Task description:
Every line of the data below must be output exactly, with images left out.

Dataset excerpt:
____

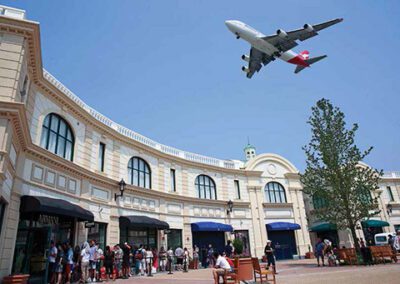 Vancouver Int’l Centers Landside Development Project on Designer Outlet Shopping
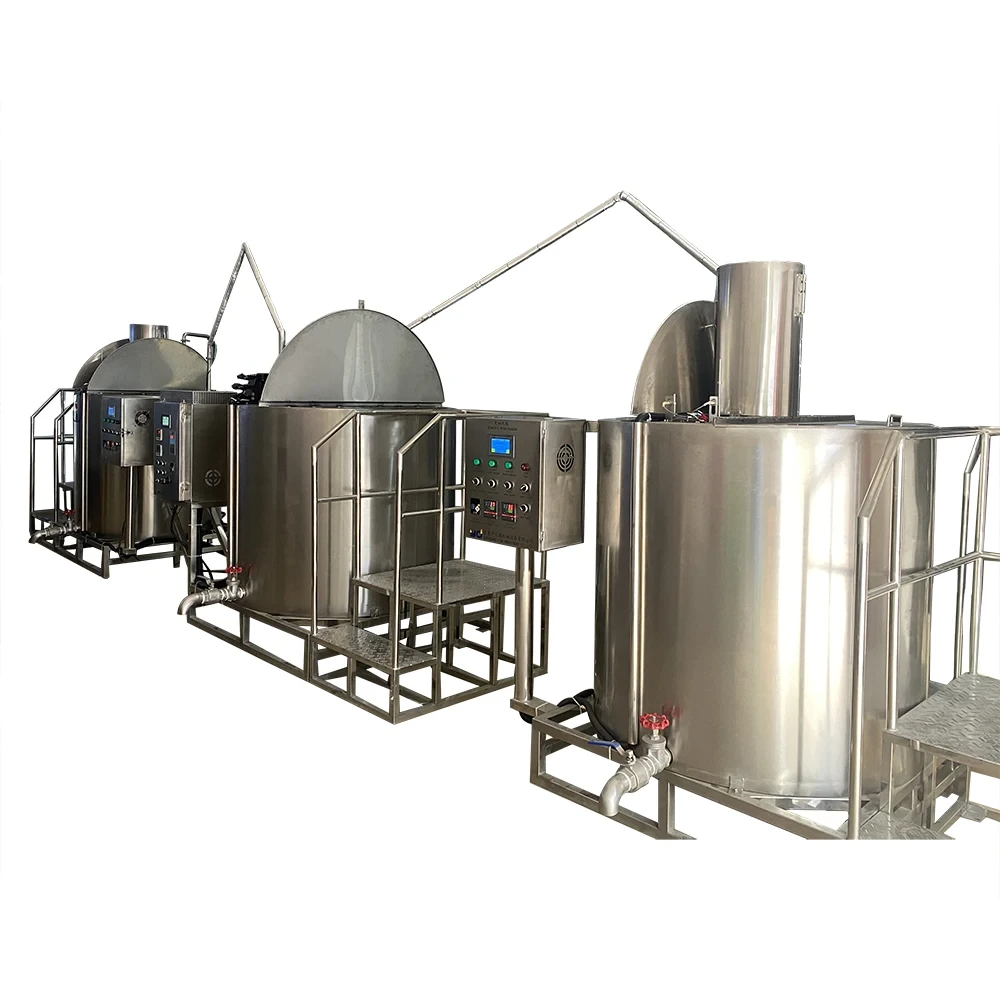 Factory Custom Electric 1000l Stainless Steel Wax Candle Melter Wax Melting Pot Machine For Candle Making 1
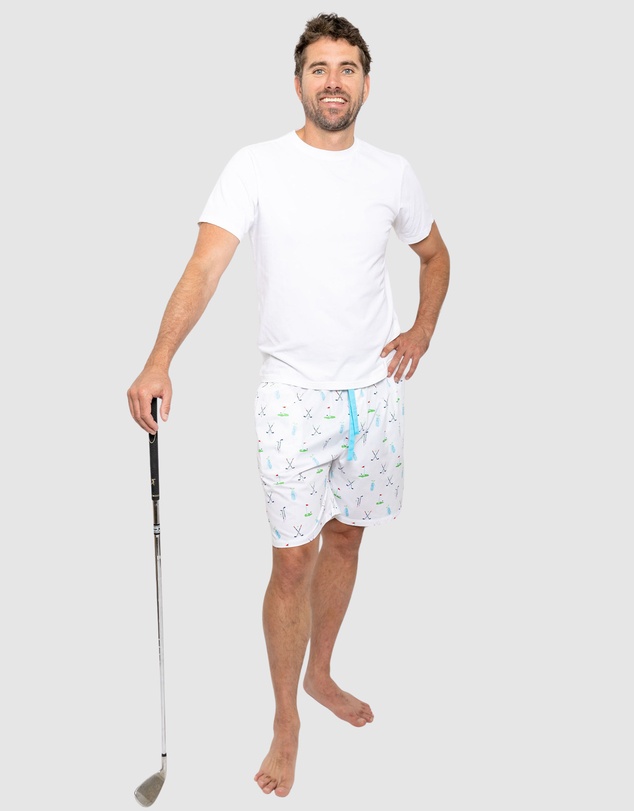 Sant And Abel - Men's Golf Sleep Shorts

____

Result of this task:
 Vancouver Int’l Centers Landside Development Project on Designer Outlet Shopping
 Factory Custom Electric 1000l Stainless Steel Wax Candle Melter Wax Melting Pot Machine For Candle Making 1
 Sant And Abel - Men's Golf Sleep Shorts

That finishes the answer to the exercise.